The steric number is the sum of bonding pairs and lone pairs around the central atom: Steric Number = m + n (from AXmEn). It determines the basic electron geometry:
• SN=2 → Linear (180°)
• SN=3 → Trigonal Planar (120°)
• SN=4 → Tetrahedral (109.5°)
• SN=5 → Trigonal Bipyramidal (90°, 120°)
• SN=6 → Octahedral (90°)
The actual molecular shape then depends on how many of those positions are occupied by lone pairs vs. bonding pairs.

While VSEPR theory is remarkably effective, it has limitations:
• It does not explain magnetic properties of molecules
• It cannot predict bond lengths accurately
• Transition metal complexes often deviate from VSEPR predictions due to d-orbital involvement
• Highly delocalized systems (like benzene) are better described by molecular orbital theory
• It's a qualitative model — for precise angles, quantum mechanical calculations (like DFT) are needed
Despite these limitations, VSEPR remains the go-to method for quick, accurate geometry predictions in main-group chemistry.

Follow these steps:
1. Draw the Lewis structure of the molecule.

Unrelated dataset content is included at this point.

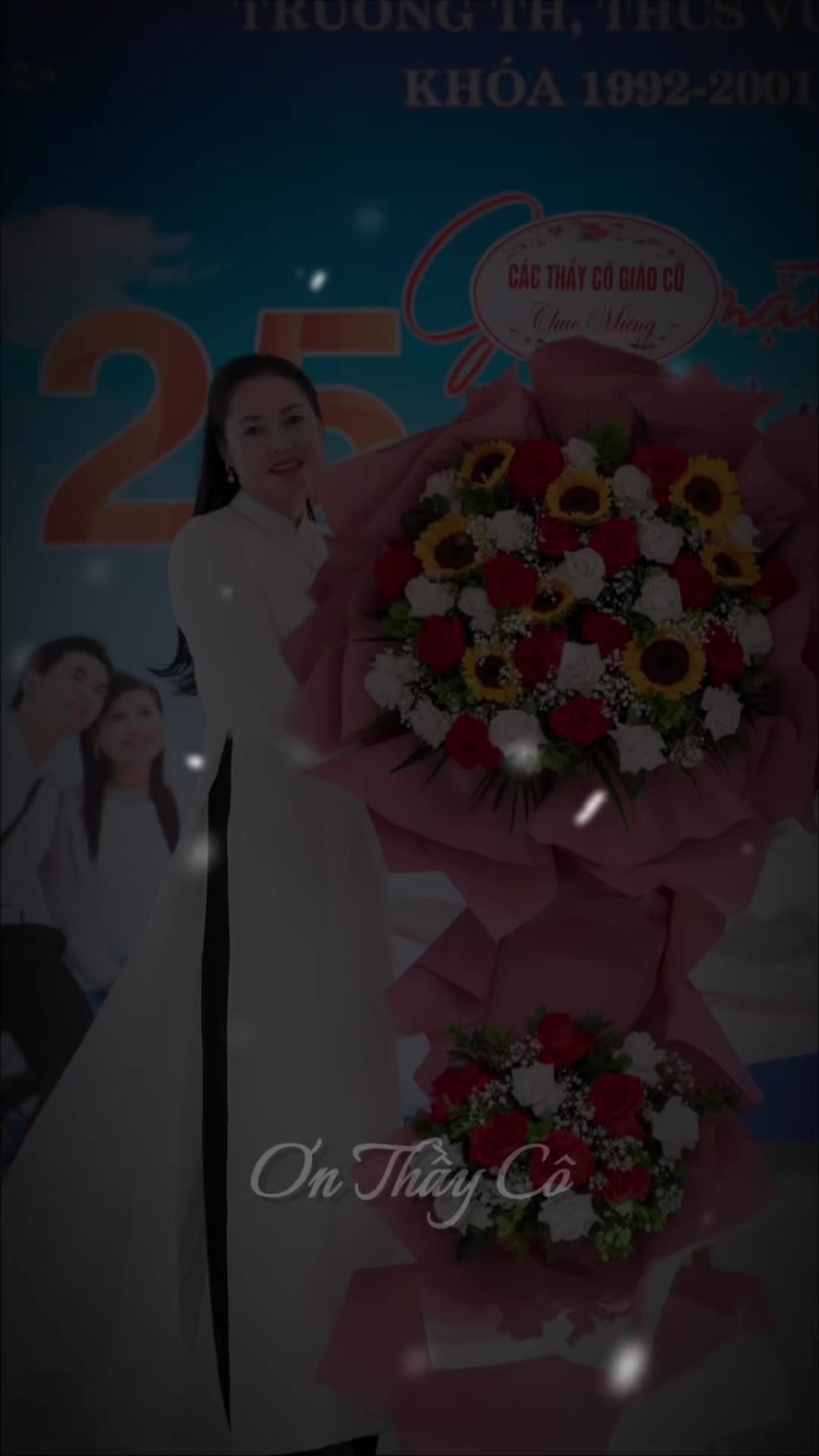 @Mỹ phẩm  T&oacute;c86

2. Count the number of bonding domains (single, double, or triple bonds each count as one domain) = m.
3. Count the number of lone pairs on the central atom = n.

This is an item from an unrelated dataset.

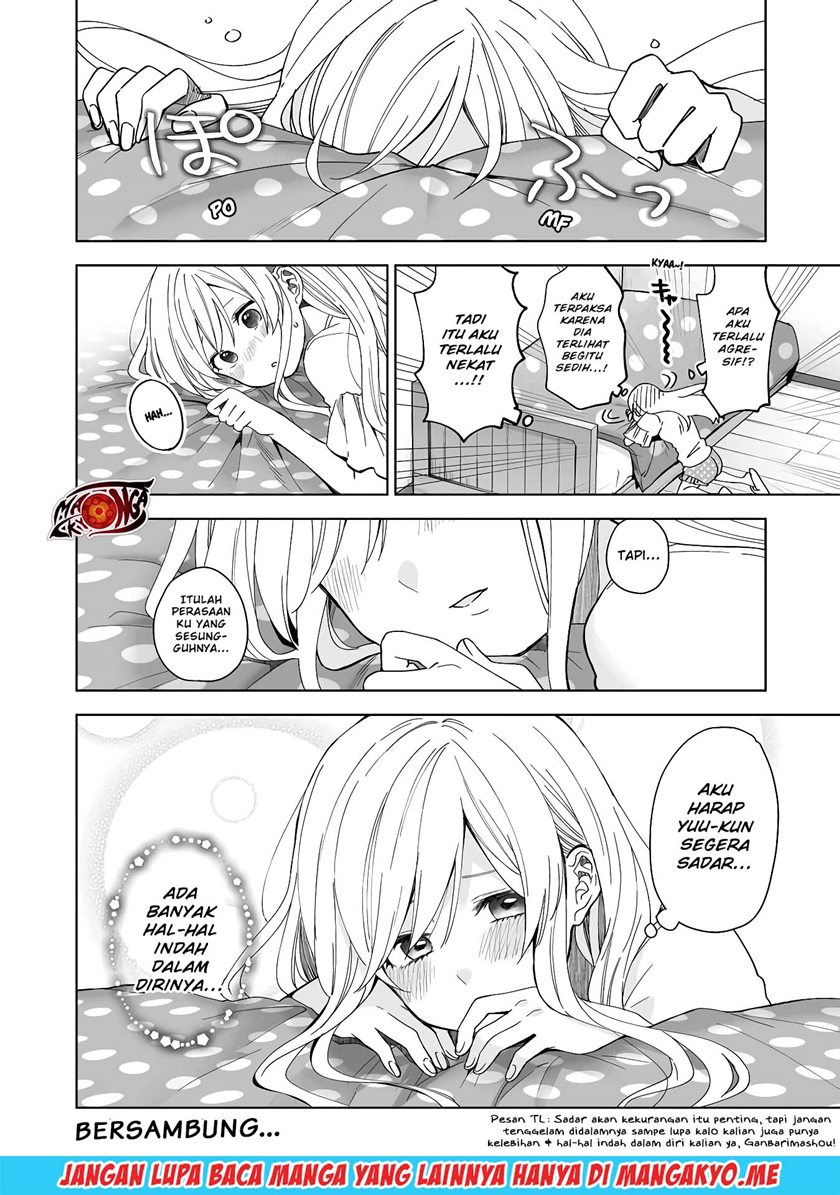 Chapter 44 - halaman 18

4. Determine the steric number (m + n) to find the electron geometry.
5. Use the AXmEn notation to identify the molecular shape. Use our interactive 3D viewer above to explore each shape and understand how lone pairs affect the final geometry!

SF4 has AX4E1 — steric number 5 (trigonal bipyramidal electron geometry). The lone pair occupies an equatorial position because equatorial positions have fewer 90° interactions (2 neighbors at 90°) compared to axial positions (3 neighbors at 90°). This minimizes repulsion. The result is a "seesaw" (or disphenoidal) molecular shape with the lone pair in the equatorial plane, two fluorines axial, and two equatorial, with bond angles slightly less than 90° and 120°.

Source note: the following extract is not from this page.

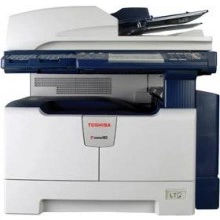 МФУ Toshiba e-STUDIO182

Electron geometry describes the spatial arrangement of all electron domains (both bonding pairs and lone pairs) around the central atom. Molecular geometry describes the arrangement of only the atoms (bonding pairs), ignoring lone pairs. For example, water (H2O) has a tetrahedral electron geometry (4 domains: 2 bonds + 2 lone pairs) but a bent molecular geometry (only the 2 O–H bonds define the shape). The molecular geometry is what we actually observe experimentally.